▶ Work order
Return each record word for word and omit the pictures.

▶ Entries shown
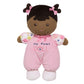 Baby Starters Plush Snuggle Buddy My First Baby Doll, Brunette Eva, Darker Complexion, 10 Inch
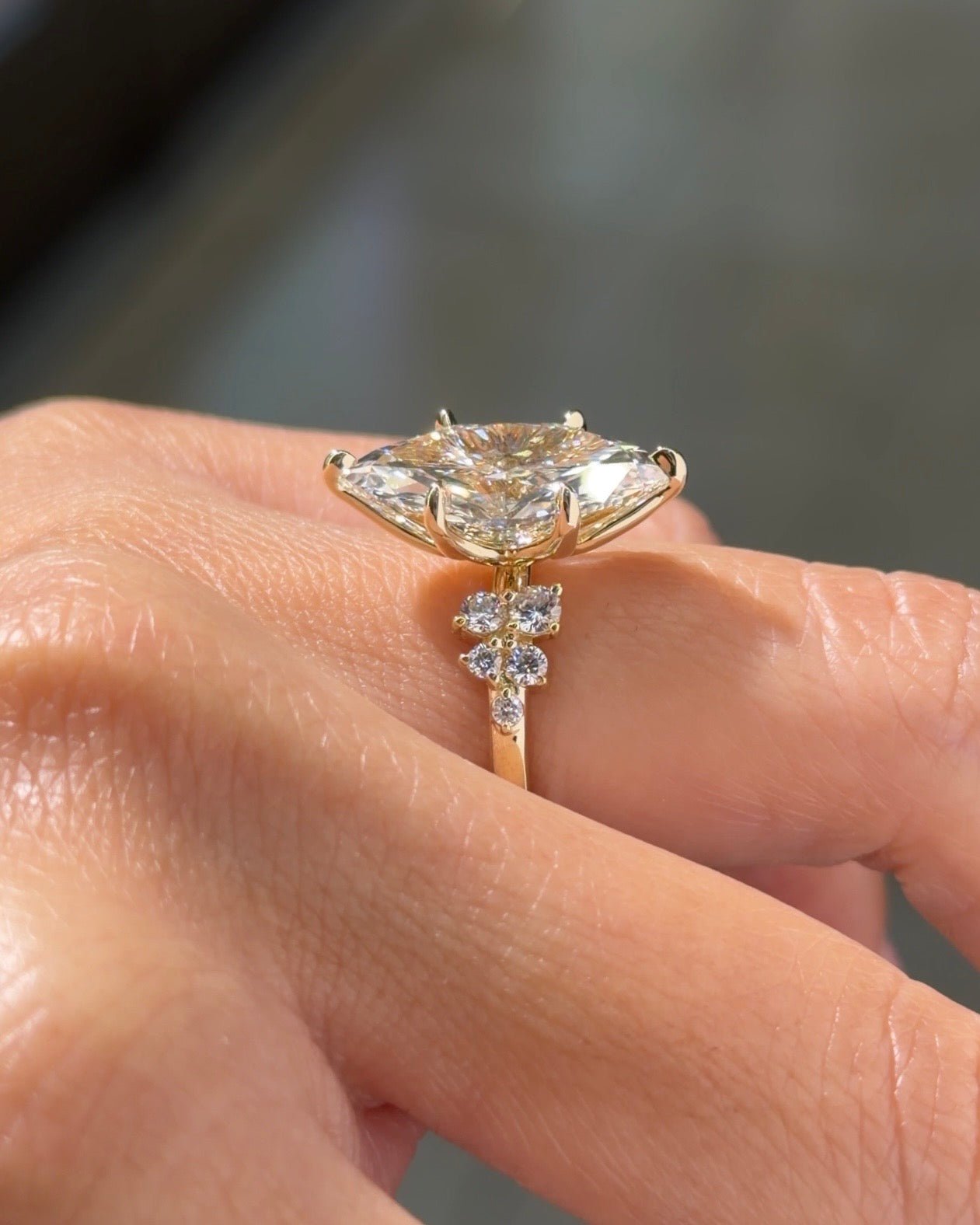 5.04ct F-VS1 Marquise Lab Diamond Supernova - PBD Engagement Rings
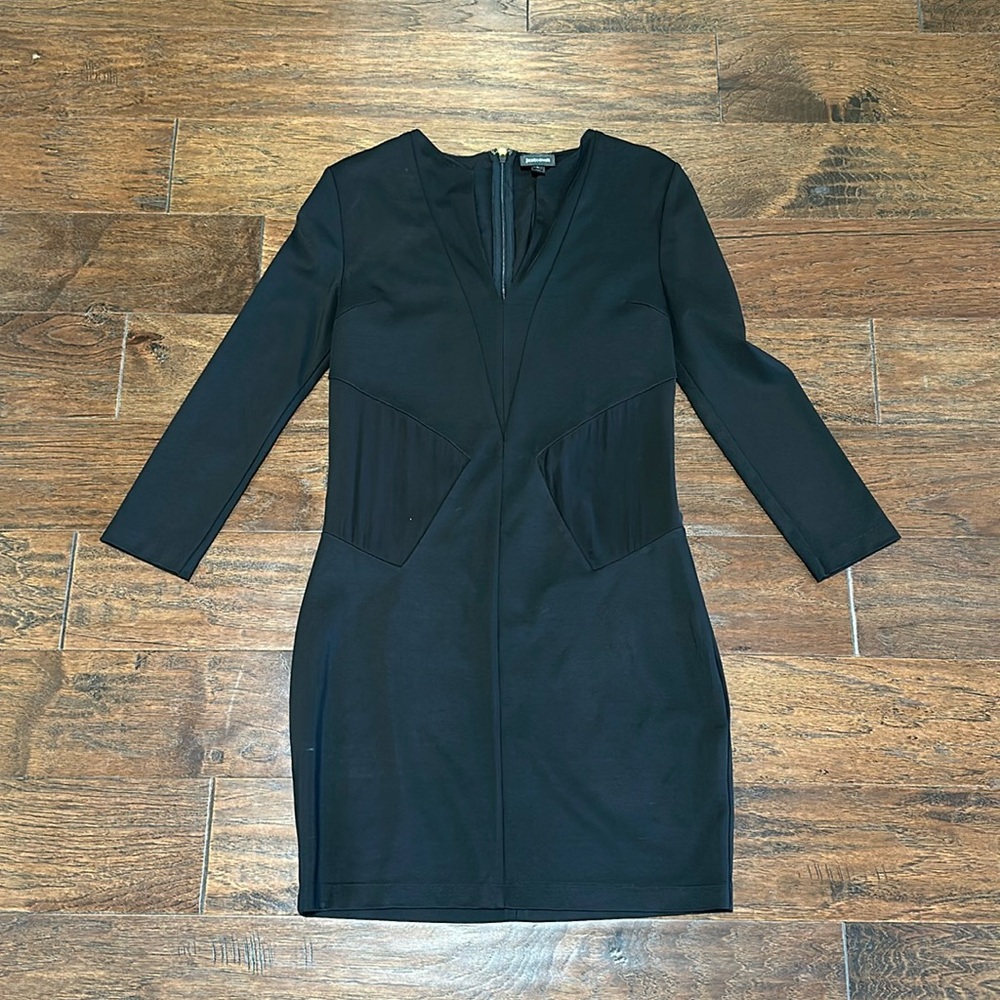 Just Cavalli Black Mesh Dress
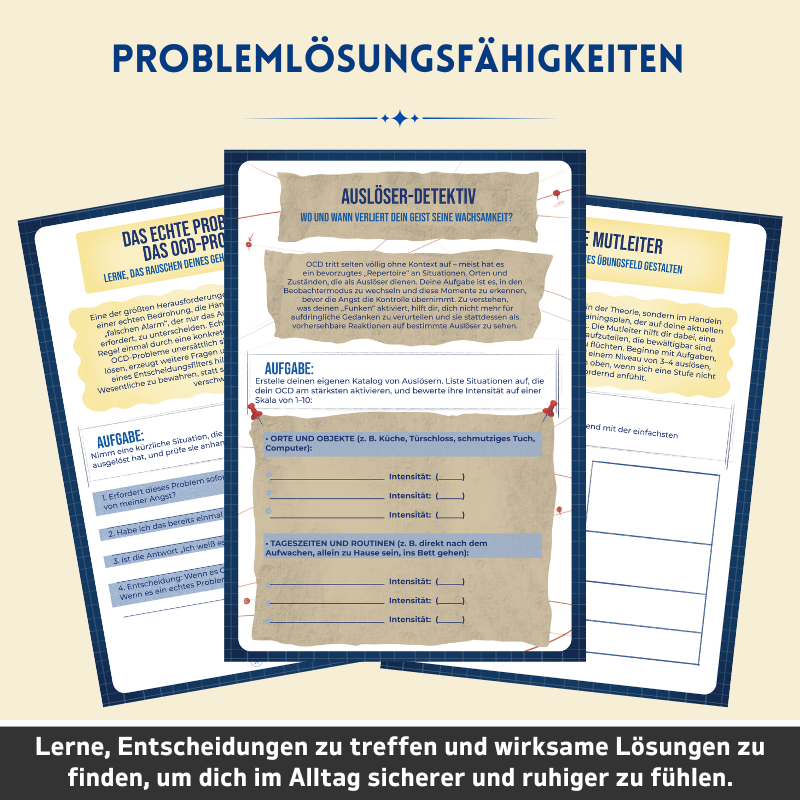Zwangsstörung (OCD) – Therapeutisches Arbeitsbuch – Therapeutische Werkzeuge und Bewältigungsstrategien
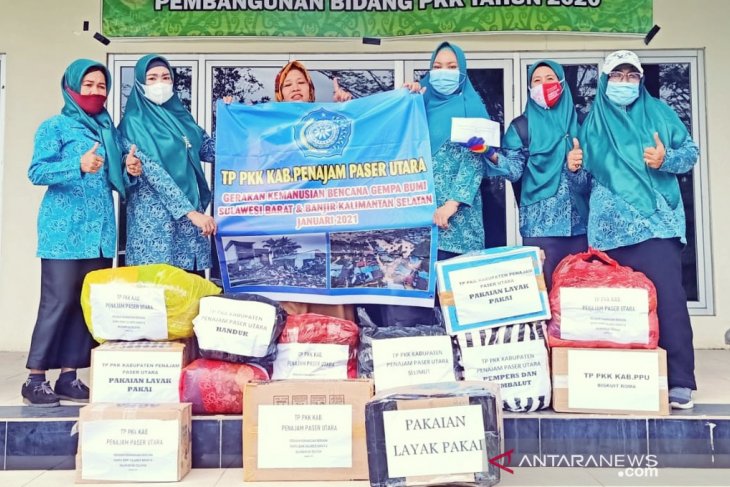 PKK PPU donasikan uang-barang untuk korban bencana di Kalsel-Sulbar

▶ Written solution
 Baby Starters Plush Snuggle Buddy My First Baby Doll, Brunette Eva, Darker Complexion, 10 Inch
 5.04ct F-VS1 Marquise Lab Diamond Supernova - PBD Engagement Rings
 Just Cavalli Black Mesh Dress
Zwangsstörung (OCD) – Therapeutisches Arbeitsbuch – Therapeutische Werkzeuge und Bewältigungsstrategien
 PKK PPU donasikan uang-barang untuk korban bencana di Kalsel-Sulbar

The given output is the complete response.